A Face Match Is a Lead, Not a Verdict

Trevis Williams is eight inches taller and seventy pounds heavier than the man who committed the crime he was arrested for. His phone's location data put him on a highway driving from Connecticut to Brooklyn at the exact moment a different man was photographed flashing a woman in Manhattan's Union Square. Two months after that incident, officers arrested Williams anyway — because a facial recognition system flagged him as a match. He spent two days in jail. The case was dismissed.

TL;DR

A facial comparison result is a hypothesis, not a conclusion — and every documented wrongful arrest traced to facial AI failed at the same place: the corroboration step that should have come immediately after the match.

The technology didn't fail Williams. The workflow did. That's not a minor semantic distinction — it's the entire ballgame. And understanding exactly where that workflow breaks down, and how to build one that doesn't, is the difference between facial comparison being a powerful investigative tool and a civil liberties catastrophe.

What a "Match" Actually Means (It's Not What You Think)

Here's the thing most people get wrong the moment they see a facial comparison result: they read it as an answer. It isn't. It's a question with a very specific and useful probability attached to it.

Facial recognition systems don't "see" faces the way humans do. They measure. A modern algorithm maps up to 68 distinct data points — eye corners, nose bridge, jaw contours, the geometry between your pupils — and converts all of that into a mathematical vector. A "match" is what happens when two vectors are geometrically similar beyond a defined threshold. The system reports a similarity score. A score of 0.99 means the geometric profiles of two images are nearly identical. It does not mean the people in those images are the same person.

NIST's Face Recognition Vendor Testing (FRVT) program — the most rigorous independent evaluation of facial comparison algorithms in existence — is explicit about this. FRVT outputs are similarity scores, not identifications. That interpretive leap from "high similarity" to "same person" is a human and investigative responsibility. The algorithm hands you a candidate. You have to do the rest. This article is part of a series — start with Deepfake Detection Accuracy Gap Investigator Workf.

"The man they were looking for, he was eight inches shorter than me and 70 pounds lighter." — Trevis Williams, wrongfully arrested New York City resident, ABC7 New York

The real kicker? Even a near-perfect similarity score doesn't rule out an entirely different person. Twin studies and doppelgänger research have repeatedly demonstrated that unrelated individuals can produce near-identical geometric facial profiles. The math can be perfect. The wrong person can still end up in handcuffs. That's not an algorithm problem. That's what happens when you skip the next three steps.

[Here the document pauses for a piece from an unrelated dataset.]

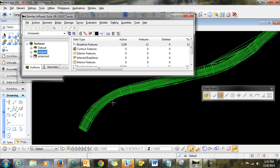you can see that the exterior boundary that's present prohibits any of those deleted triangles outside of the boundary from reappearing.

Why Image Quality Makes Everything Worse

Now add surveillance footage into the equation and the problem compounds fast. The images driving most real-world facial comparison work — CCTV grabs, social media screenshots, field photography — are almost never the clean, well-lit, front-facing shots that algorithms perform best on.

30–50%

Drop in facial comparison accuracy when working with low-resolution or degraded source images versus controlled-condition photography

Source: NIST Face Recognition Vendor Testing (FRVT), 2019 benchmark

A 2019 NIST benchmark found that low-resolution images significantly degrade algorithm performance — not by a few percentage points, but by 30 to 50 percent in controlled studies. Think about what that means practically. A "strong" match derived from a grainy parking lot camera at 2 a.m. carries dramatically less statistical weight than it appears to on a results screen. The confidence display doesn't always adjust to tell you that. The investigator has to know to ask.

Lighting angle alone matters enormously. The same face photographed under different lighting conditions can produce similarity scores that vary wildly — not because the algorithm is broken, but because facial geometry as captured is a function of shadow, resolution, and angle, not just bone structure. This is why understanding the technical limitations of facial recognition software isn't just academic — it directly changes how you weight a result when you're deciding what to do next.

Delhi's policing experience makes this painfully concrete. An investigation by The Wire and the Pulitzer Center uncovered cases where individuals were arrested solely on the basis of facial recognition — without solid corroborating evidence or credible witness testimony. One man, Ali, spent more than four and a half years in pre-trial incarceration after being arrested in the aftermath of Delhi's 2020 riots based on a facial match. Four and a half years. Before trial. Previously in this series: Cctv Still To Court Ready Lead Facial Comparison D.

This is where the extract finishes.